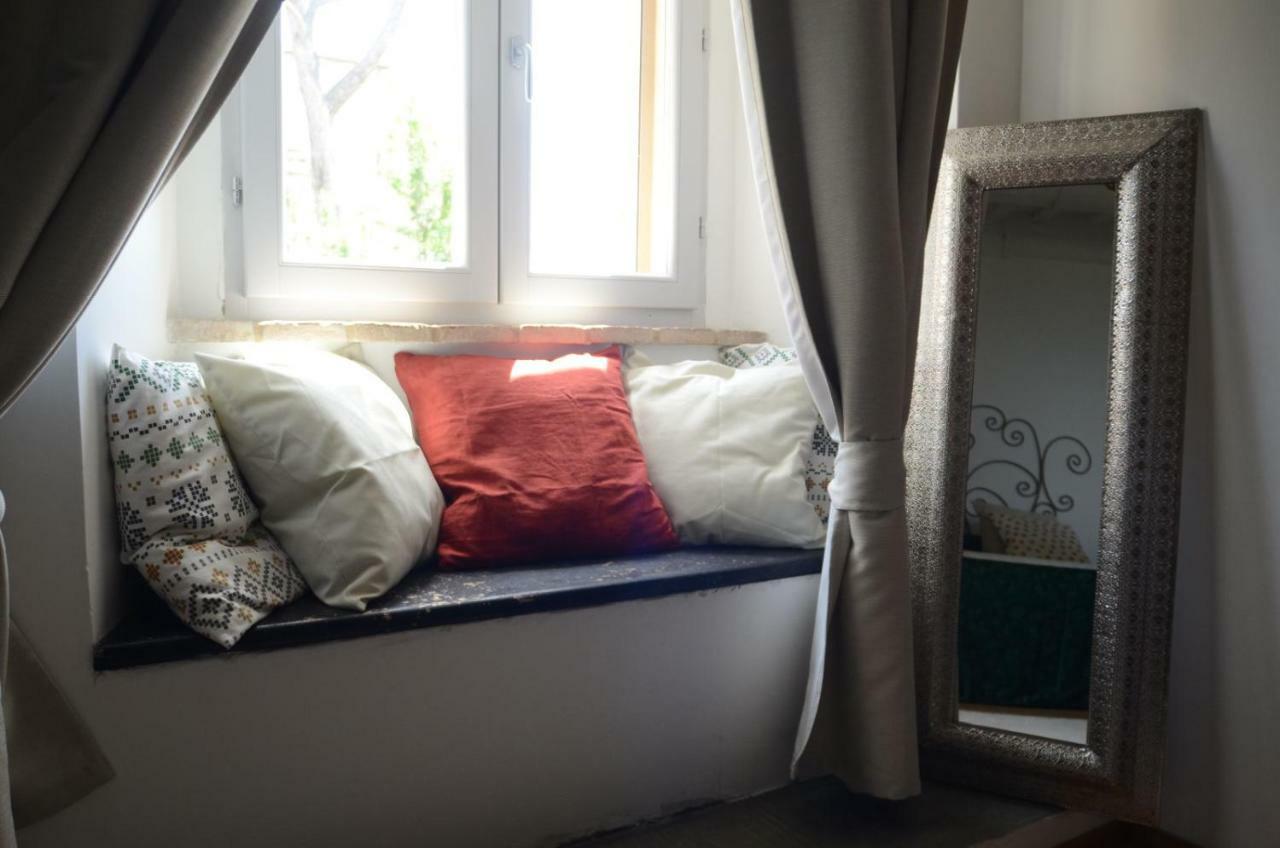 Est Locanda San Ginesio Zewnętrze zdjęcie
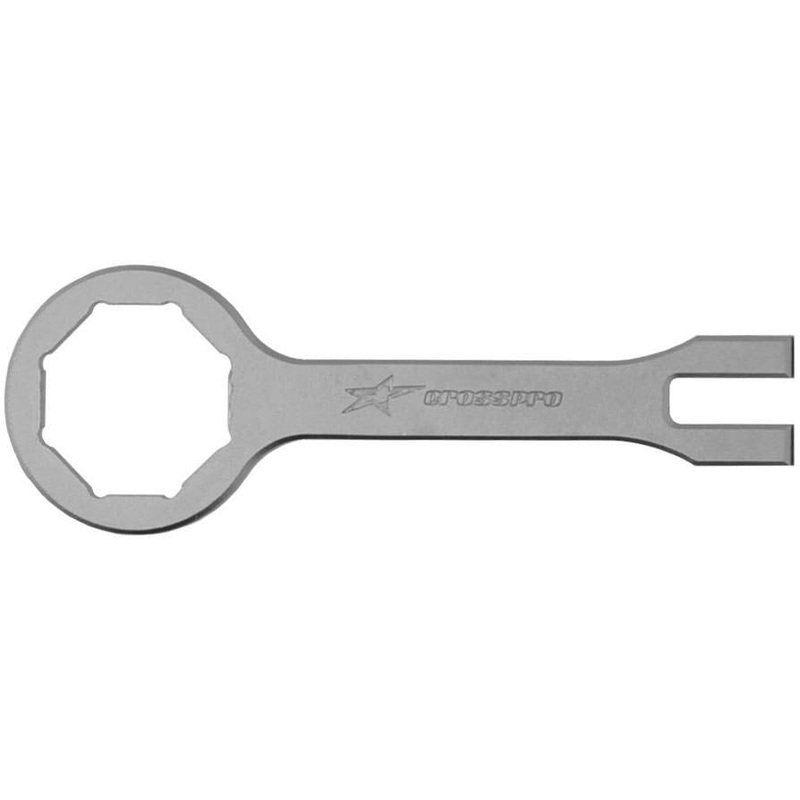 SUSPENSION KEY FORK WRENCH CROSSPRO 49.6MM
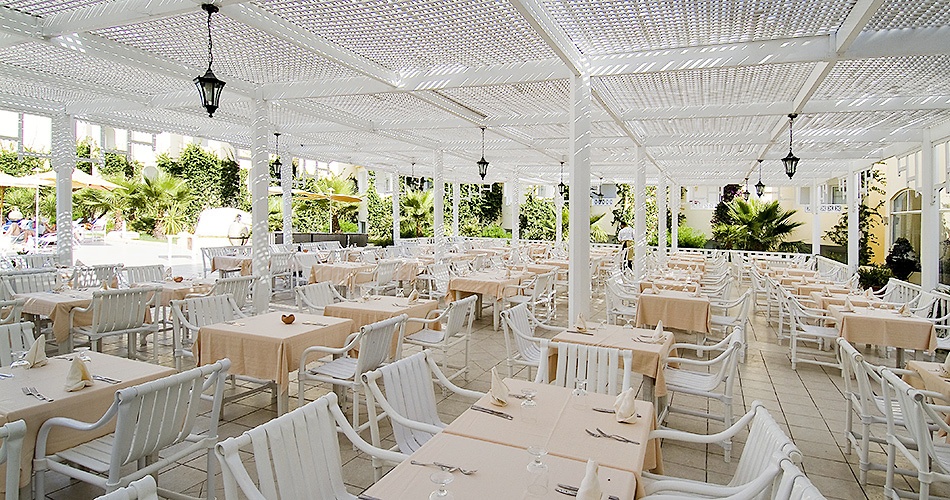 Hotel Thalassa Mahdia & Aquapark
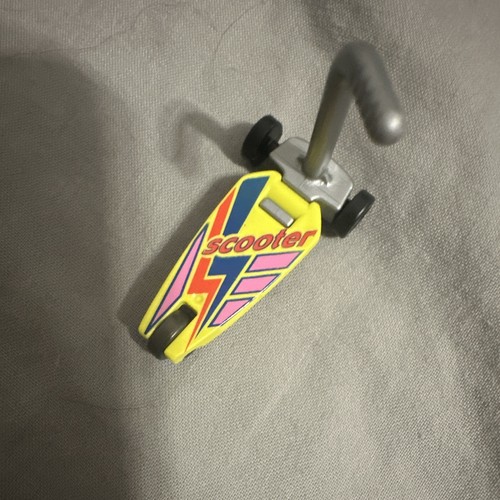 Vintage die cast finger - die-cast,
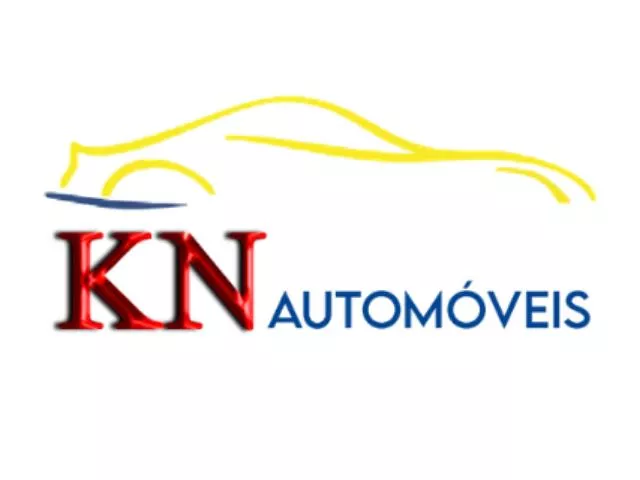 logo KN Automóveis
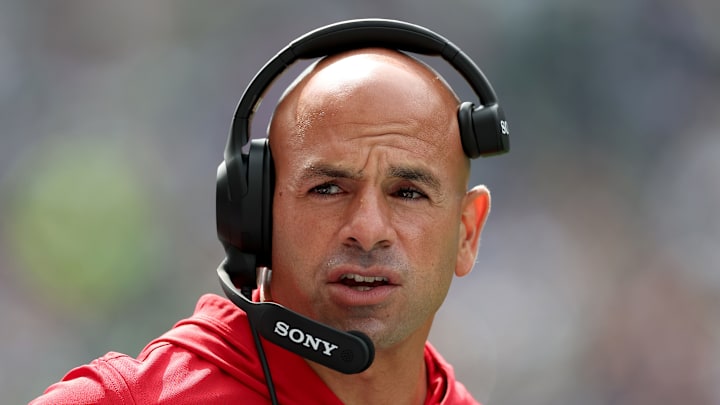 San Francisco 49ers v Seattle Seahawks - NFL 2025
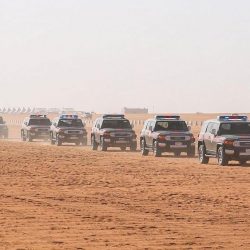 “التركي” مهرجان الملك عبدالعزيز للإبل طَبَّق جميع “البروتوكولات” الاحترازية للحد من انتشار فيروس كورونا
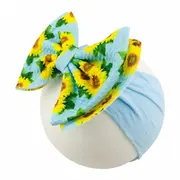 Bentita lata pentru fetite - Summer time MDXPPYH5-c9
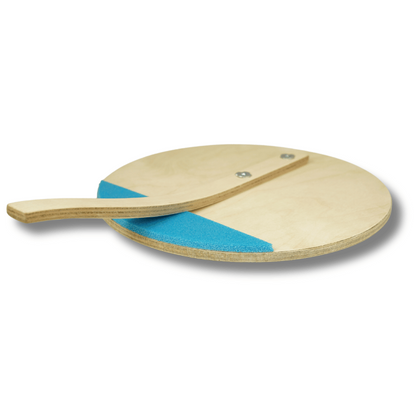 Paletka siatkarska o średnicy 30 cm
★ ★ ★ ★ ★ ★ ★
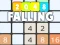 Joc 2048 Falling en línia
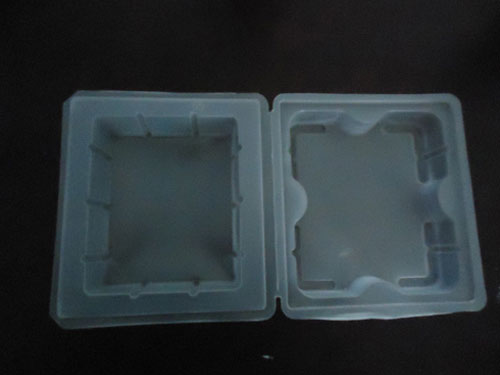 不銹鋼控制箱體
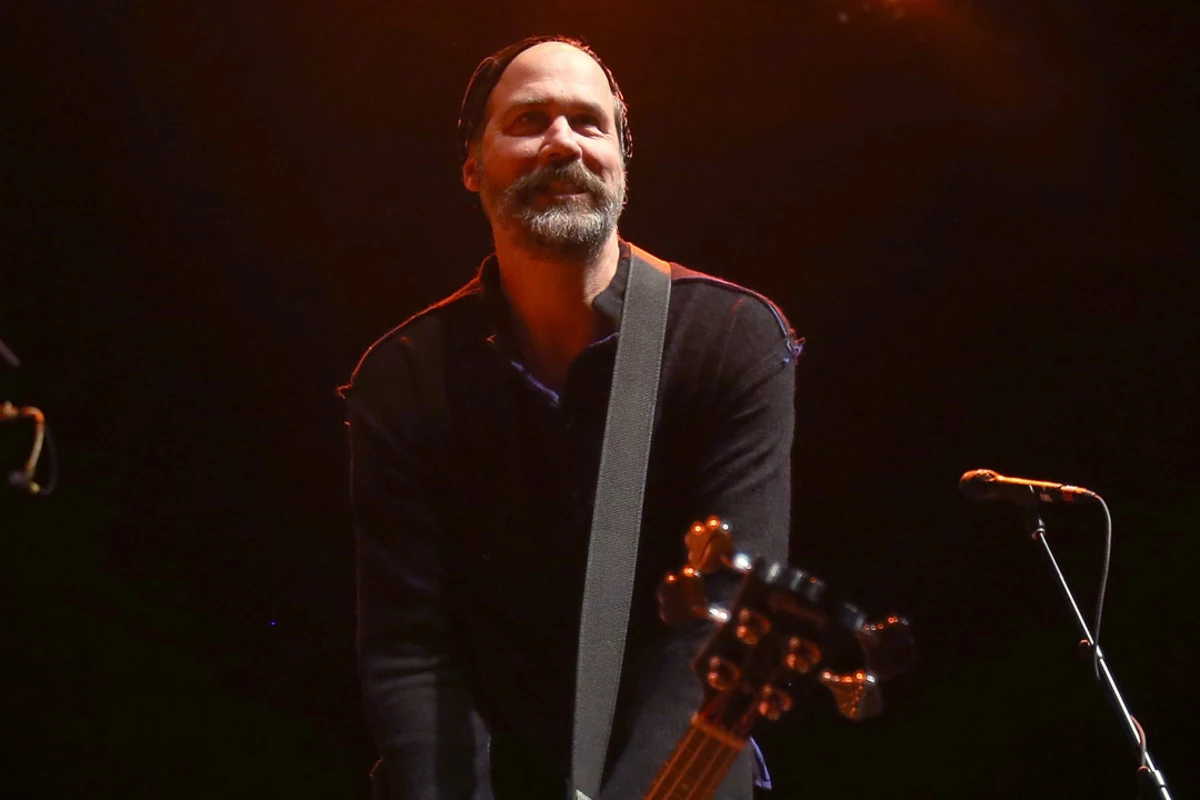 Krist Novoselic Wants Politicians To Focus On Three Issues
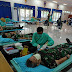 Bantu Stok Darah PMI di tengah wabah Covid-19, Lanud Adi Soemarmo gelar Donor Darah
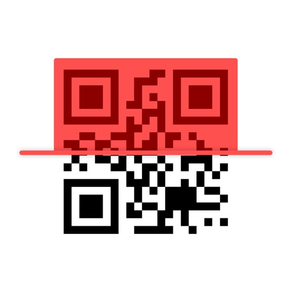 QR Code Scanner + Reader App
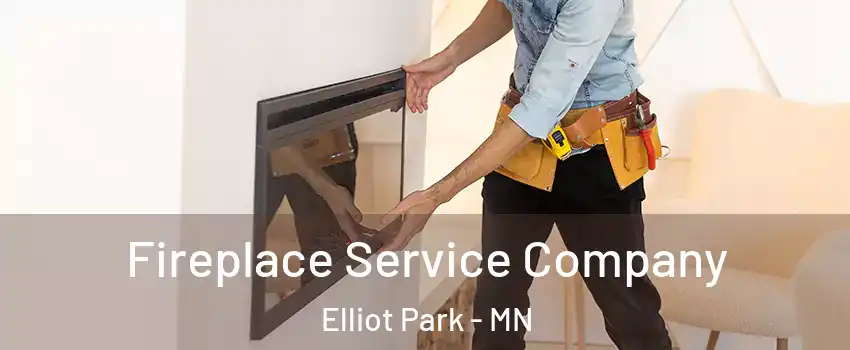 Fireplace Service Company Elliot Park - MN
★ ★ ★ ★ ★ ★ ★
• Your instructions
Copy only these lines from the records above, exactly: the one with "Est Locanda San Ginesio Zewnętrze zdjęcie", the one with "Paletka siatkarska o średnicy 30 cm", and those between. Skip the pictures.

• Exercise answer
 Est Locanda San Ginesio Zewnętrze zdjęcie
 SUSPENSION KEY FORK WRENCH CROSSPRO 49.6MM
 Hotel Thalassa Mahdia & Aquapark
 Vintage die cast finger - die-cast,
 logo KN Automóveis
 San Francisco 49ers v Seattle Seahawks - NFL 2025
 “التركي” مهرجان الملك عبدالعزيز للإبل طَبَّق جميع “البروتوكولات” الاحترازية للحد من انتشار فيروس كورونا
 Bentita lata pentru fetite - Summer time MDXPPYH5-c9
 Paletka siatkarska o średnicy 30 cm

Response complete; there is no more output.